In August, at the Canadian Society of Corporate Secretaries’ annual conference, during a session on anti-corruption and bribery, Pohlmann unveiled SNC-Lavalin’s new  compliance organization designed to detect and deal with compliance issues whenever and wherever they may occur throughout the company. It includes five senior management appointments focused on such areas as compliance program monitoring and investigations; seven compliance officers at business units such as Instruments & Controls, Transportation and Power; and three regional compliance officers in Europe, Latin America and Africa/Middle East. Each of the 15 officers reports directly to Pohlmann.

SNC-Lavalin has also rolled out a new policy for engaging with business partners that.establishes principles and due diligence procedures to be followed before entering into an agreement with parties who will act on behalf of the company. This policy aims to ensure that SNC-Lavalin deals only with people or organizations of integrity and in good standing with the business community, and which have the background, reputation and qualifications required for the services they provide.

‘Even when we don’t have control in a joint venture [where SNC-Lavalin has] a minority interest, there are tools we can  use to ask controlling joint venture partners to follow,” Pohlmann said during the anti-corruption session at the CSCS conference. ‘When the controlling partners don’t want to follow those rules, we ask SNC-Lavalin’s representative to the JV to ask questions and that they be read into board meeting minutes.’

He added that the level of risk involved in a proposed relationship between SNC-Lavalin and a business partner will determine the extent of the due diligence review it will conduct.

The company also has created a personal compliance training program for all employees, with particular focus on those working in functions that are known to expose employees to a higher level of corruption risk. The training, to be provided in person by compliance experts, aims to equip employees with the tools they need to do business in line with high ethical standards, regardless of the regulatory circumstances or external parties they encounter.

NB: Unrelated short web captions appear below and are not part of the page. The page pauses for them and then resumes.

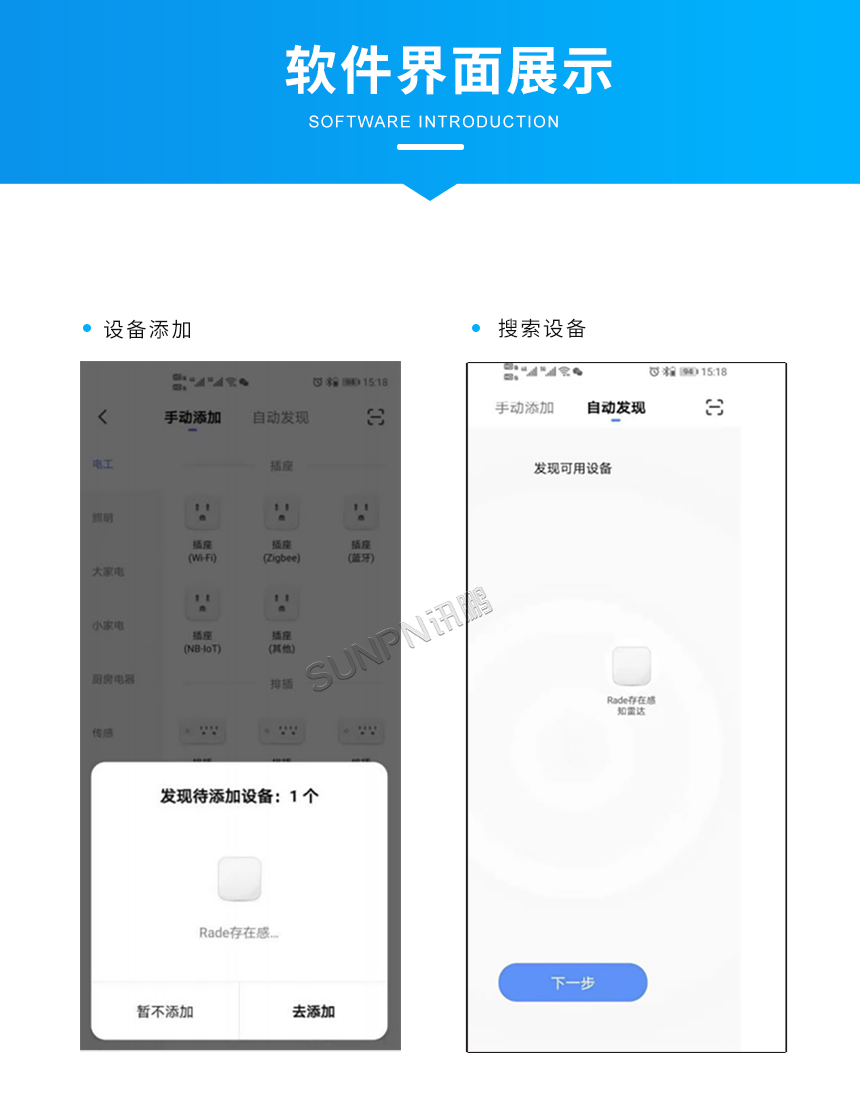 讯鹏毫米波雷达传感器-软件界面 讯鹏毫米波雷达传感器-软件界面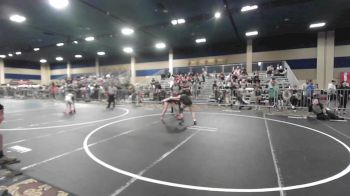 123 lbs Semifinal - Ceci Rosas, Scrap Yard Garage vs Alina Bardoni, Gold Rush Wr Ac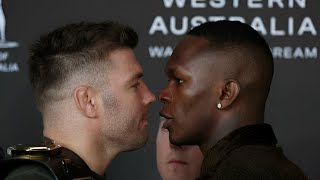 Dricus Du Plessis PROMISES Chaos in UFC 305 vs Israel Adesanya [upl. by O'Malley]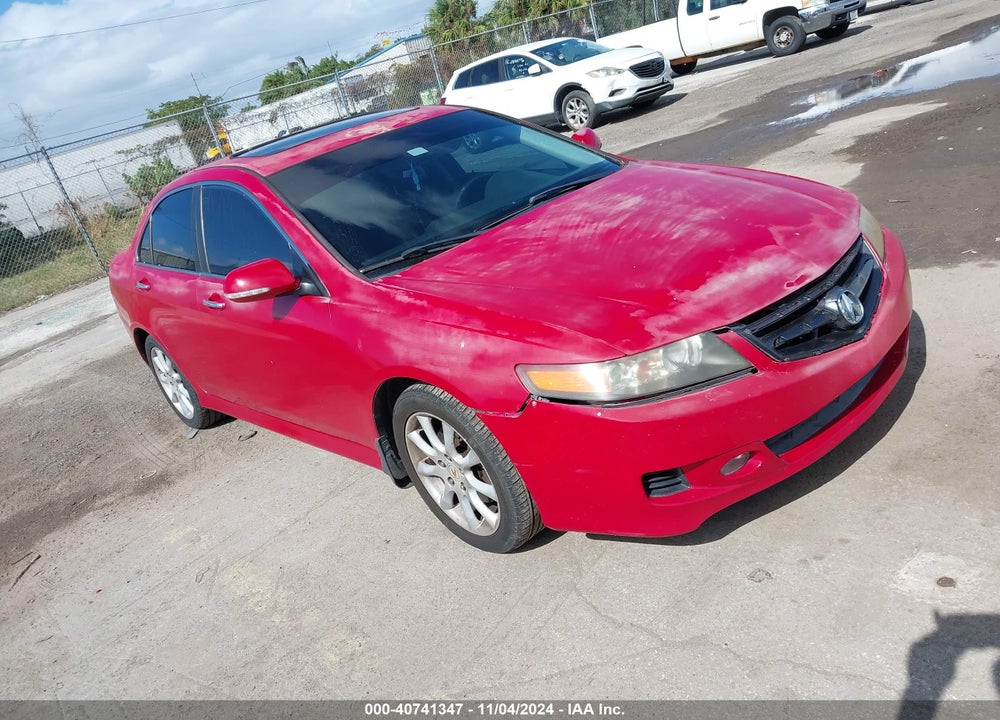 2006 ACURA TSX VIN: JH4CL96836C001736
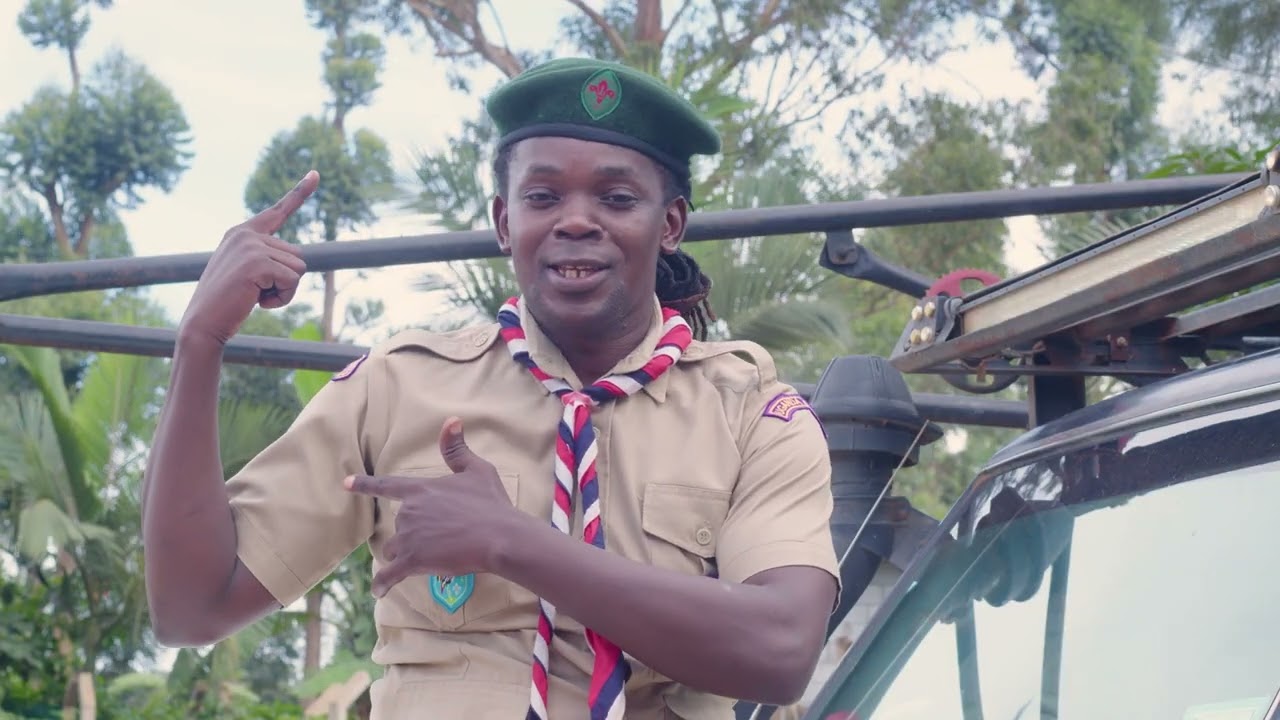 UGANDA AND GERMANY SCOUTS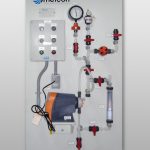 پکیج کلرزنی و اسید تک پمپ
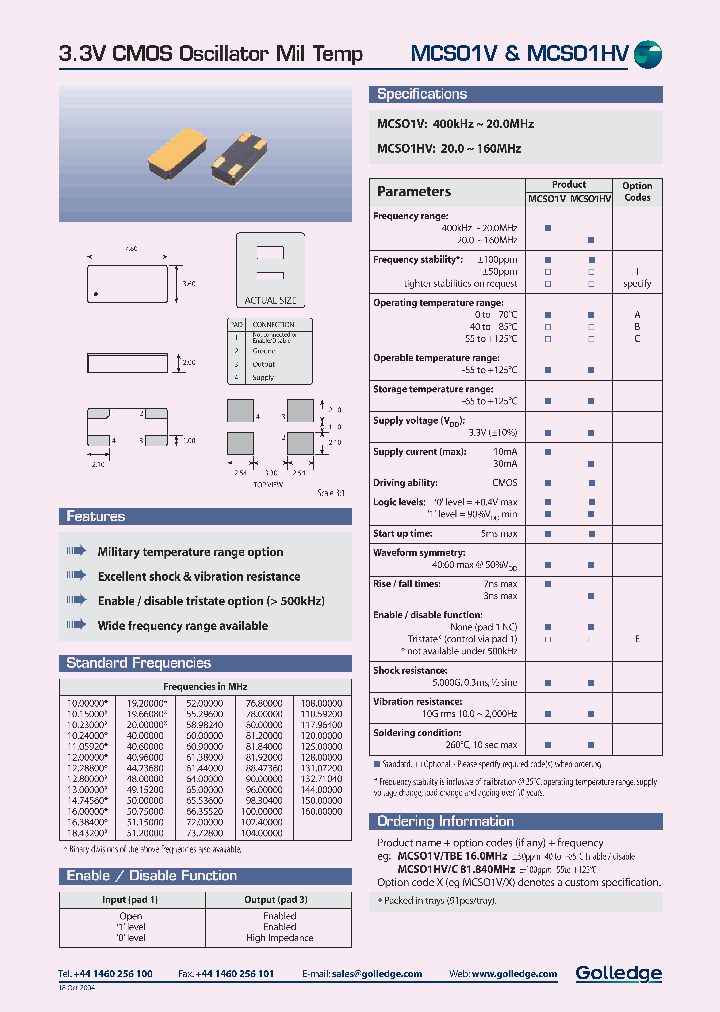 MCSO1HV_1171254.PDF Datasheet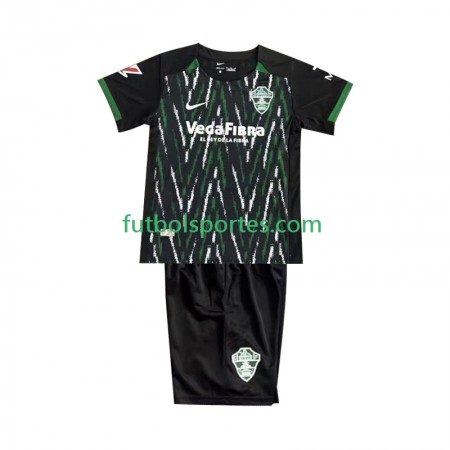Camiseta Elche CF Niño Segunda Equipación 2025/2026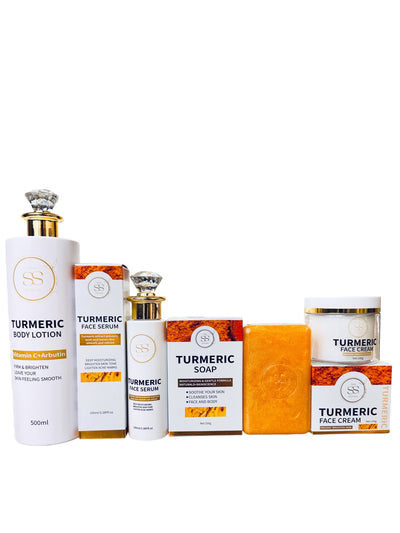 Brightening skin care set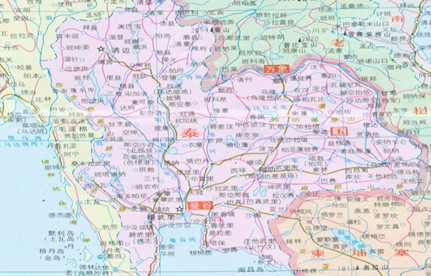 中国陆运到马来西亚多少天？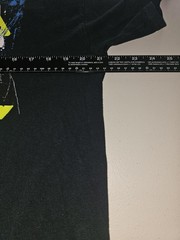 Chris Brown The Party Tour 2017 Large Mens Black Double-sided Graphic Logo Tee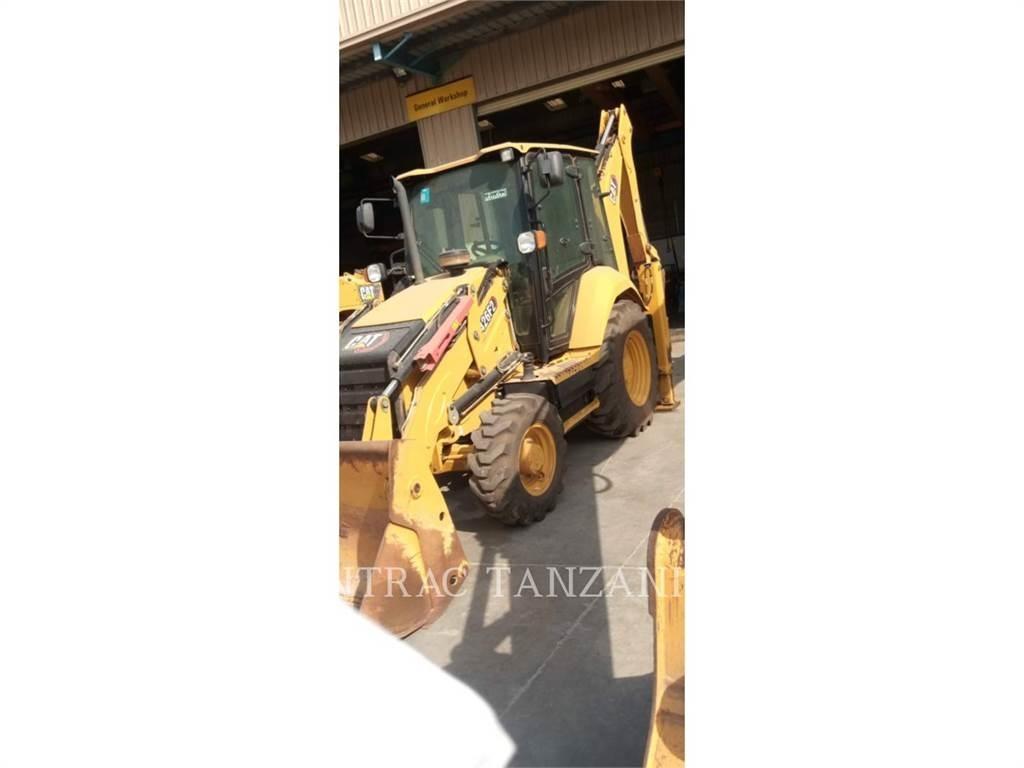 CAT 426F2LRC Retroescavadoras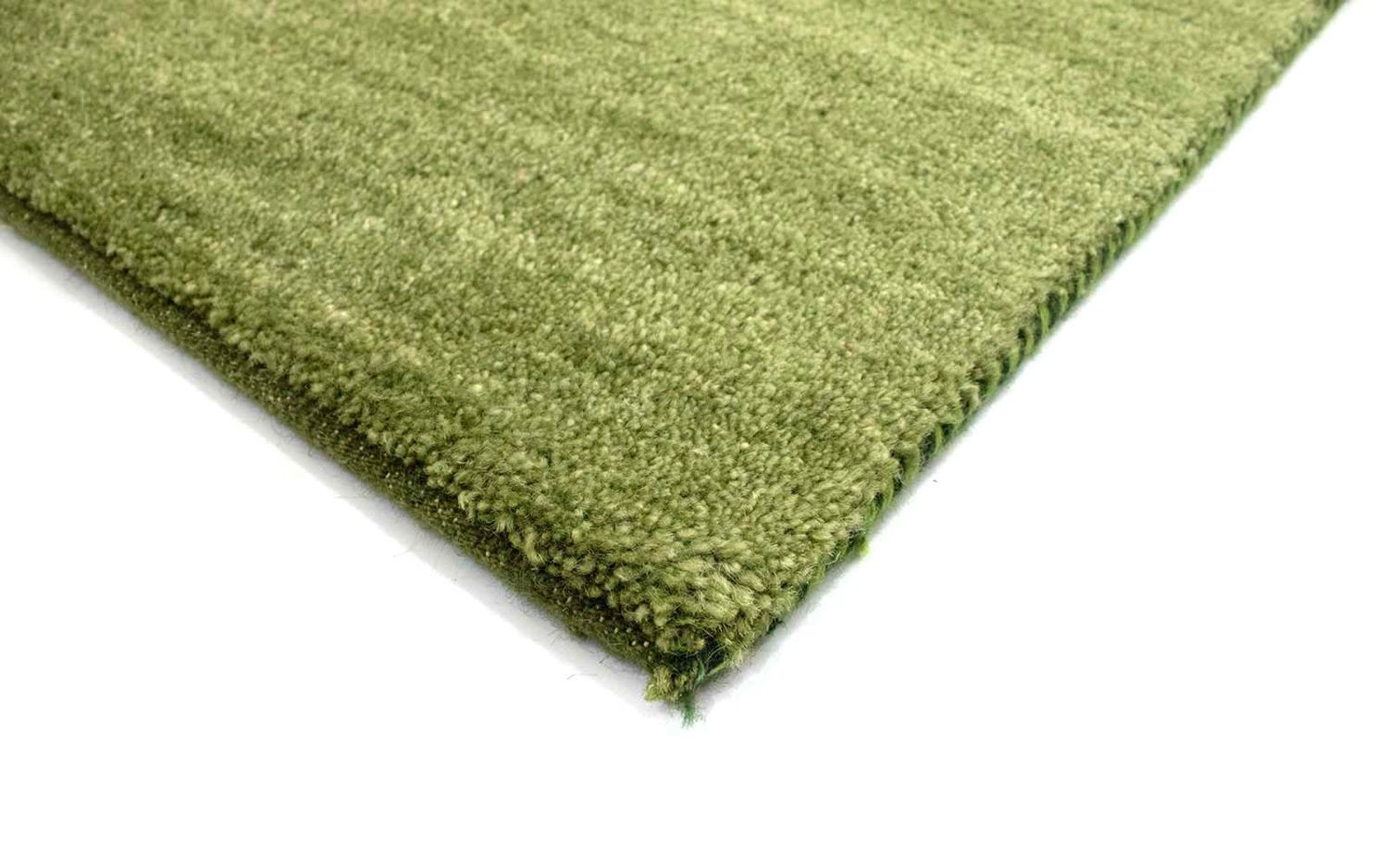 Tappeto Gabbeh - Indus - 90 x 60 cm - verde chiaro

In addition, the company has hired an independent monitor who reports to the World Bank and will offer suggestions for SNC-Lavalin to hone and enhance its compliance program from this point on. As part of its settlement agreement with the World Bank, which has banned the company and 100 of its subsidiaries from bidding on any World Bank development project for the next 10 years, SNC-Lavalin will be monitored over the next few years by lawyers with experience with the Foreign Corruption Practices Act.